The British Electoral Commission seems to be guilty of bizarre behaviour. Having failed miserably to deal with blatant abuse of the system by Established Parties, the Electoral Commission turned the full weight of its guns on one of the smallest, newest and most rapidly expanding political parties in Britain.
The growth of the UK Independence Party and the development of other new parties dramatically demonstrates the level of dissatisfaction that the electorate has for the older established parties and the Blair regime in particular.
The Electoral Commission should be doing everything in its power to help these parties in finding their way and voicing their policies, not just to provide the electorate with freedom of choice, but to use their existence as a lever to ensure that the larger parties observe the spirit and letter of the electoral regulations.

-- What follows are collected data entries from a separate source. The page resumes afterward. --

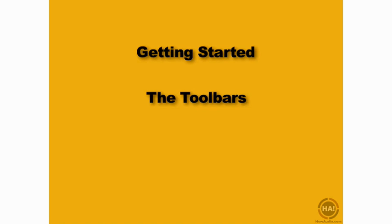The four toolbars at the top of the Live interface contain some very important functionality that you'll be working with throughout this course. In this movie we're going to take a quick look at that functionality, including some of the most important elements in Live's toolbars.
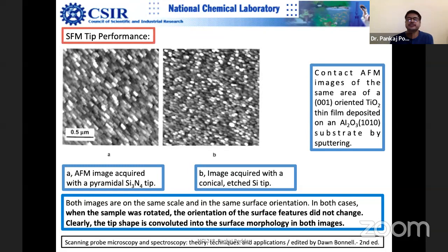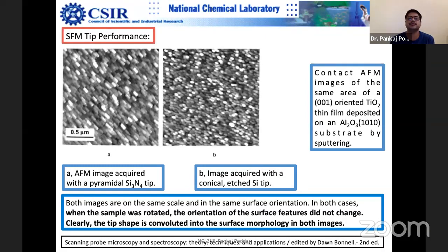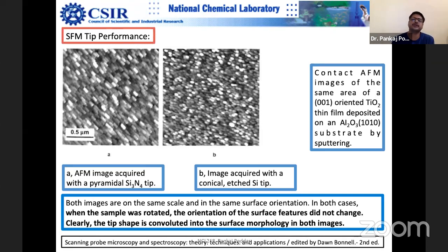One important check: if you rotate the specimen and the image also rotates by the same angle, then it is fine. But if the features do not rotate by the angle you have rotated the sample, that means those features are artifacts created by the tip itself. Sometimes the tip gets blunt.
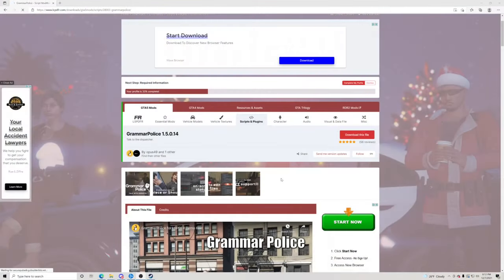Hello everybody and welcome back to another GTA5 LSPDFR tutorial. Today we're going to teach you how to install Grammar Police. What Grammar Police is, is dispatch inside single player, so you guys can talk to dispatch just to bring that realism into the game. I know a lot of you guys ask me what I use to talk to dispatch — this is what I use.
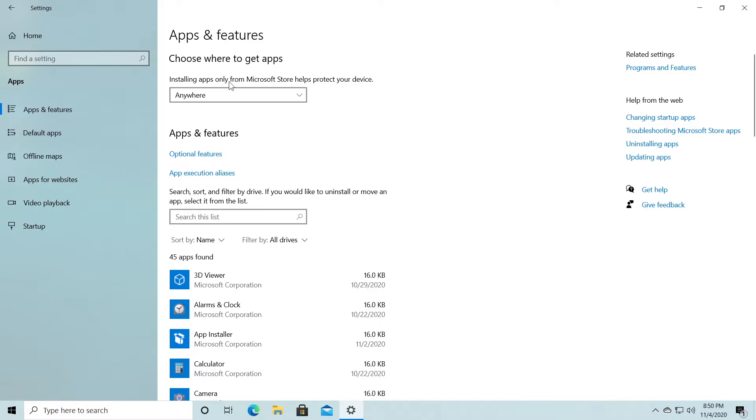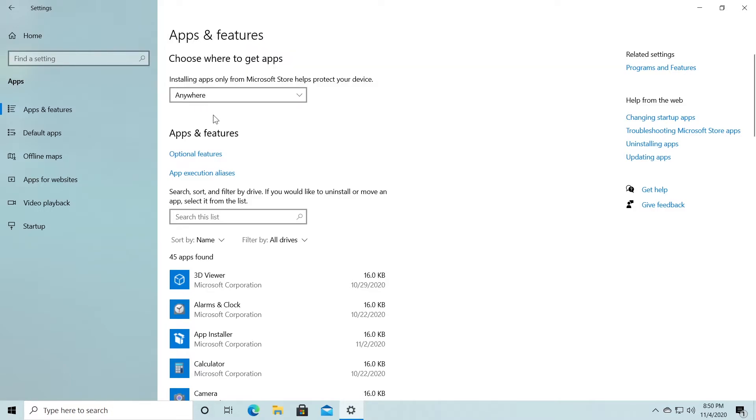Make sure you don't have the setting like this, the Microsoft Store only. Just go and click anywhere, and you will be able to install apps from anywhere and of course you will have no limitations.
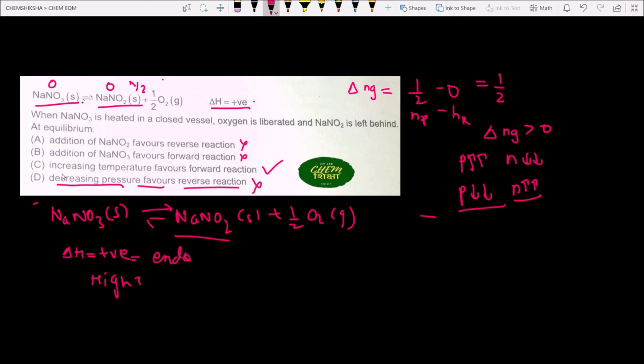The required answer is Option C. Thanks for watching Chem Siksha — please like, share, and subscribe to the channel.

In particular, the Electoral Commission should be assisting small parties by encouragement and advice because every new party starts with trivial funding and has yet to build the administrative support to ensure that they work fully within all of the rules that the Established Parties have proven to be immune to.
The UK Independence Party commented:
The UK Independence Party today accused the Electoral Commission of “kicking the smallest boy in the playground.”
Leader Nigel Farage said that the decision to throw the book at the party over a “clerical error” was “utterly disproportionate.”
He pointed out that the Electoral Commission had failed miserably to take action over the ‘cash-for honours’ scandal and the £2.4 million donation to the Liberal Democrats by a man now in prison.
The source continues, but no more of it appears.